Why can't I do this?
P. T. Withington
ptw at vaxine.UUCP
Tue Jan 17 03:01:48 AEST 1984
Well. I got lots of replies to my query that told me I couldn't do what I
wanted to do because I was doing something illegal. Well, I knew that. The
compiler told me so. I guess what I really should have asked is: "How can I
do this"? It seemed to me that there ought to be a way to initialize an array
of pointers to things other than char. Two solutions were suggested:
1) Don't do it that way; declare it as a ?*n array (either implicity or
explicitly). Which wastes the space I was trying to conserve. (? is really
very large in my case and n ranges between 3 and 7.)
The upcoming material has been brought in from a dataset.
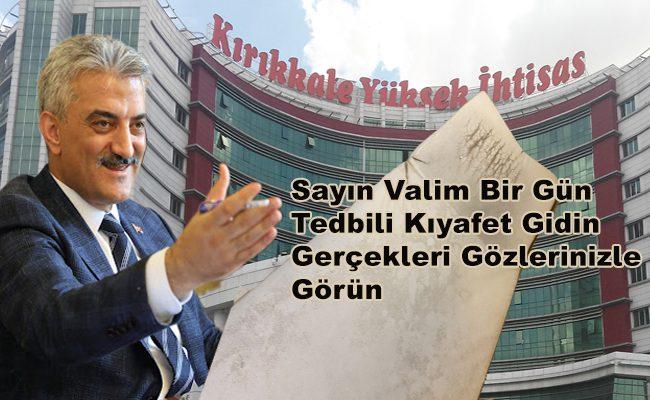Yüksek İhtisas Hastanesi’nde İçler Acısı Görüntüler - Kırıkkale Haber, Son Dakika Kırıkkale Haberleri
2) Declare a lot of useless 1-dim arrays followed by a declaration of the array
of pointers. Which is more in the spirit of things, but since ? is so big
(see above) leads to a lot of unnecessary clutter and doesn't sound like C to
me.
I thought that maybe:
int *bar[] = {&{0, 1, 2, ...
would do, but my compiler doesn't like that either. Of course, my ints are all
very small so I *could* say:
char *bar[] = {"\0\1\2", ...
Yuk!
Maybe it's just not important to worry about that many bytes any more. Maybe
its something that just isn't done enough to create a hulluballoo over.